La corruzione è la sorgente delle proteste di Majdan del 2014 “sostenute materialmente dall’ambasciata americana per un milione di dollari al giorno”. La corruzione si è trasformata in terrore usato contro gli oppositori delle rivolte di Majdan: “Politici, giornalisti e personaggi pubblici sono stati derisi e umiliati pubblicamente, le città ucraine travolte da un’ondata di pogrom, a Odessa manifestanti pacifici assassinati e bruciati vivi”.
Nella degenerazione filo-occidentale, cioè nel processo di separazione dal Tutto, l’Ucraina si è anche impoverita economicamente. E qui Putin rimanda l’accusa che un tempo si indirizzava all’Urss: è questo il paradiso promesso all’uomo? Ecco la citazione dal discorso: “E ci si chiede: la povertà, la disperazione e la perdita di capacità industriali e tecnologiche è la stessa scelta di civiltà filo-occidentale che ha ingannato e inganna milioni di persone da anni, promettendo loro il paradiso?”. Lo svuotamento dell’Ucraina è economico, ma anche culturale e religioso.

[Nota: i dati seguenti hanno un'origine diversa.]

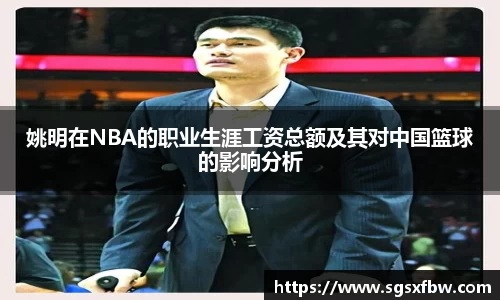 姚明在NBA的职业生涯工资总额及其对中国篮球的影响分析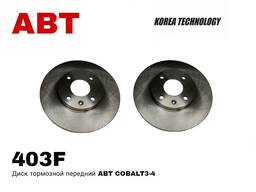 Диск тормозной передний ABT COBALT 3-4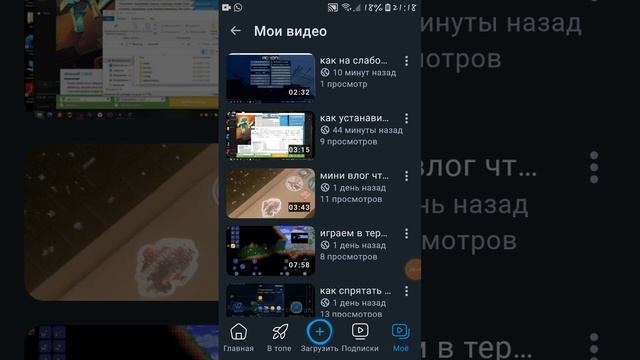 29 видио не было с пк смотреть онлайн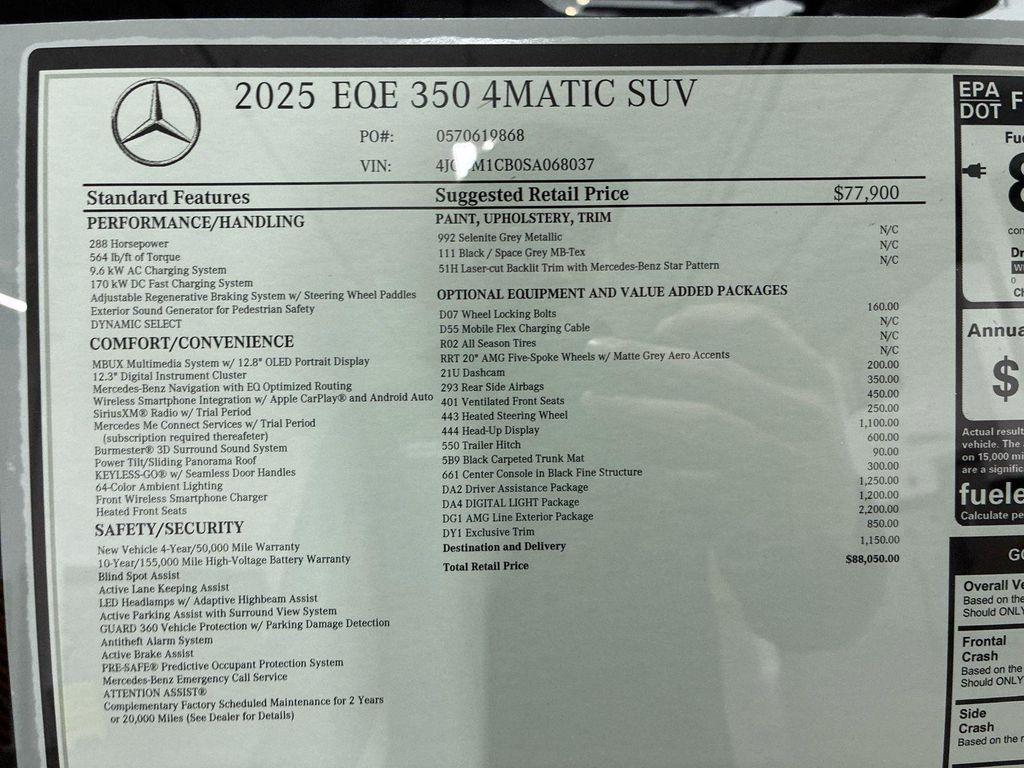 new 2025 Mercedes-Benz EQE 350 car, priced at $88,050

L’Ucraina continua ad essere “derussificata” cioè separata dalla sua matrice: “Le persone russe che vorrebbero preservare la loro identità sono estranee in Ucraina”; “Kiev continua a perpetrare il massacro della Chiesa ortodossa ucraina” (con riferimento alla nascita nel 2018 della Chiesa autocefala ortodossa ucraina).

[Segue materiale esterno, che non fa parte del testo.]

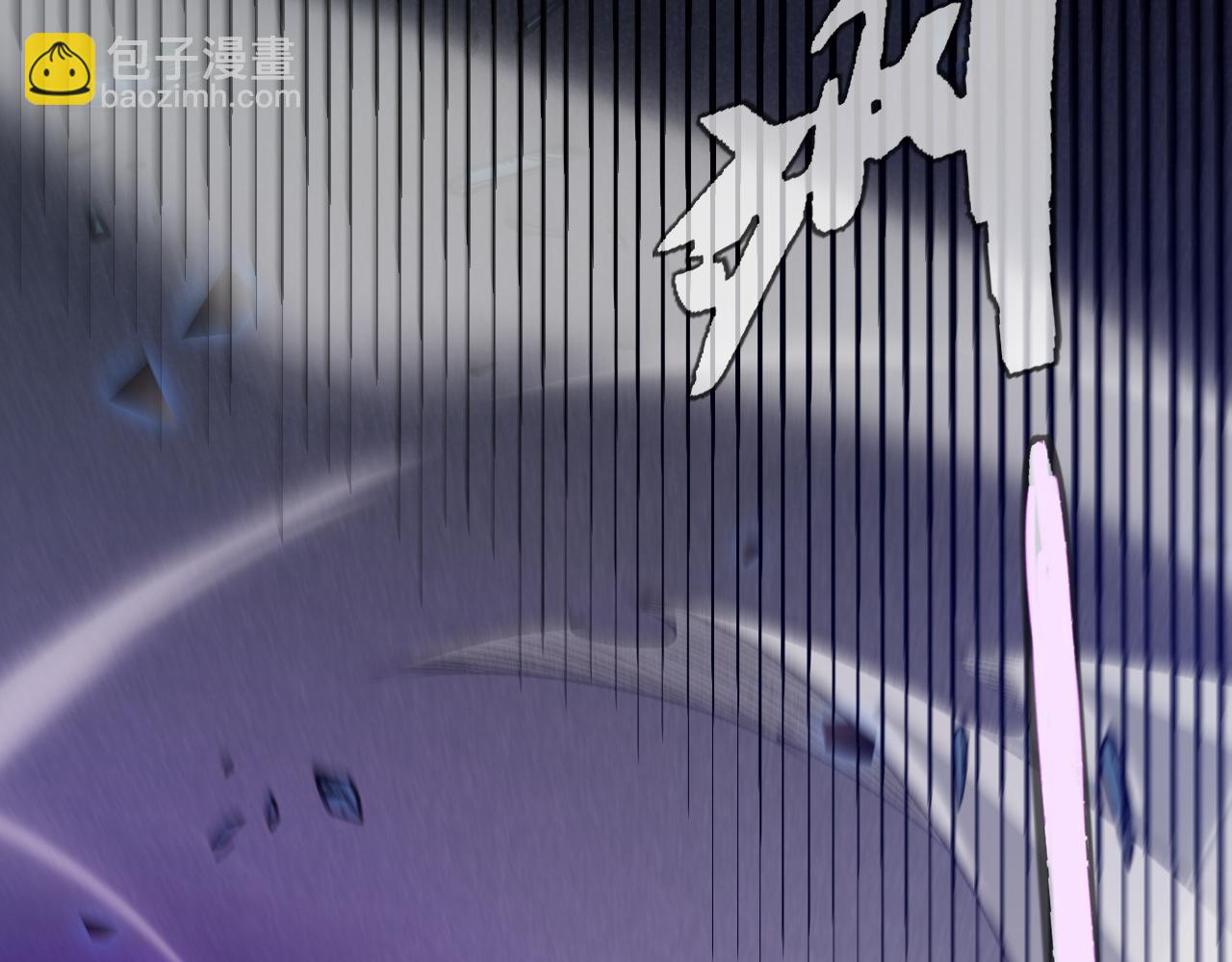 我來自遊戲 - 第235話 強大的幻影對手(3/4) - 3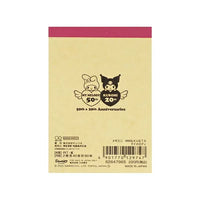 My Melody 50th Anniversary Mini Memo Pad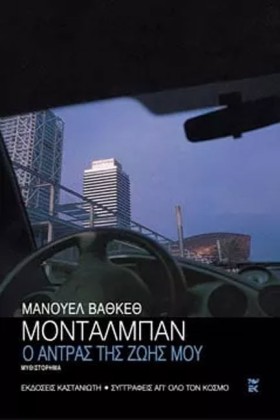 Ο ΑΝΤΡΑΣ Τ &hellip;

L’ultima parte del discorso, su cui non insistiamo perché più nota, è dedicata al pericolo rappresentato dall’attuale strategia militare ucraina che spostandosi verso la Nato sta per “sviluppare proprie armi nucleari” e con la comparsa di “armi di distruzione di massa la situazione del mondo cambierà drasticamente”.
Ecco perché, ammonisce Putin, “non possiamo non reagire a questo pericolo reale”. Come? In due modi. Il primo è stato reso palese dall’annessione delle pseudo-repubbliche separatiste di Donetsk e di Luhansk (Donbass). Una misura che Putin giustifica come reazione all’allargamento a est della Nato. Il secondo è più raffinato, consistente nell’uso del passato per ripulire il presente dalle sue scorie. Ricorda Putin: le pietre miliari della (nostra) storia sono dimenticate. Al fondo di tutte le questioni, freudianamente, emerge un grido o un ammonimento rivolto all’Occidente: “Non ci volete come amici e alleati, ma perché farci nemici?”. La risposta la offre lo stesso presidente: gli americani e tutti i loro soci “non hanno bisogno di un Paese così grande e indipendente come la Russia”.

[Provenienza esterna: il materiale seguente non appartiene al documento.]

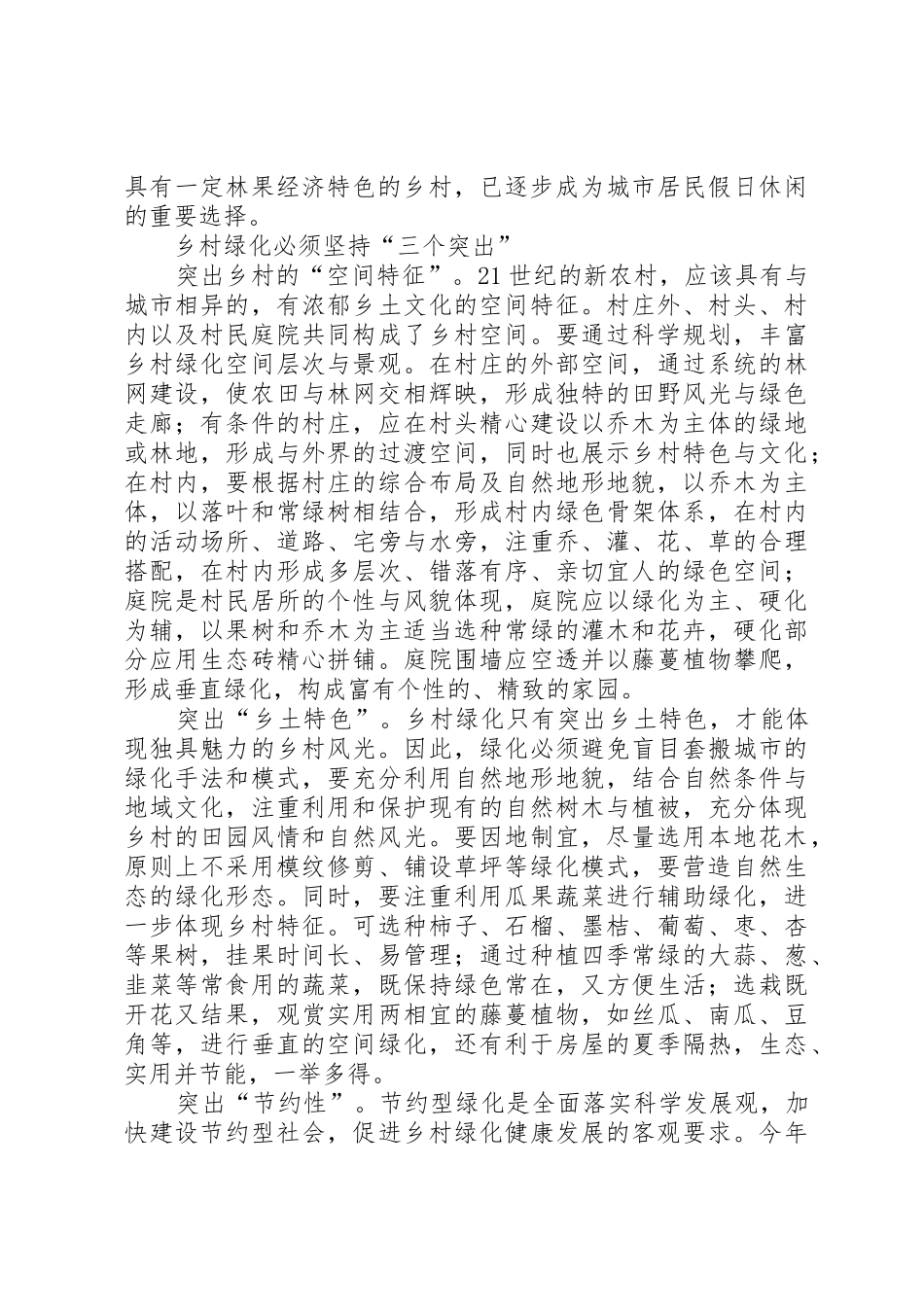 对新农村绿化建设的思考_第3页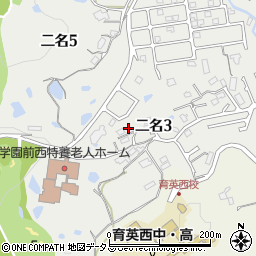 奈良県奈良市二名3丁目1159周辺の地図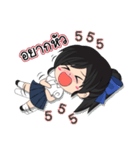 OV Protection（個別スタンプ：24）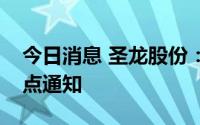 今日消息 圣龙股份：收到奇瑞汽车子公司定点通知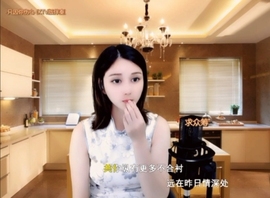 甜蜜未来乐在心怀主播照片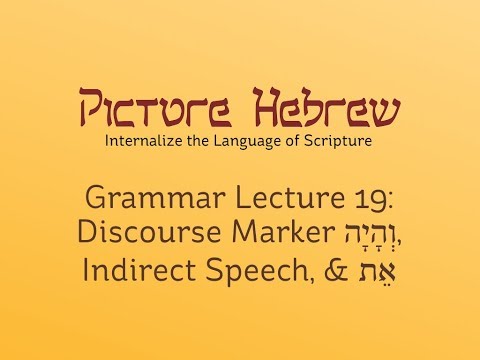 Biblical Hebrew Grammar 19: Discourse Marker וְהָיָה, Indirect Speech, & אֵת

Sono parole che sfiorano quasi temi palingenetici: il bisogno di Russia, di ritorno alle radici populiste, attraversa la letteratura russa. Peccato che non si possano meccanicamente trasformare in un programma politico: l’ideal-tipo è un modello, non un nuovo letto di Procuste. In caso contrario, se fosse una gabbia, se la Russia pretendesse di essere un Tutto politico, saremmo sull’orlo di una nuova tragedia totalitaria.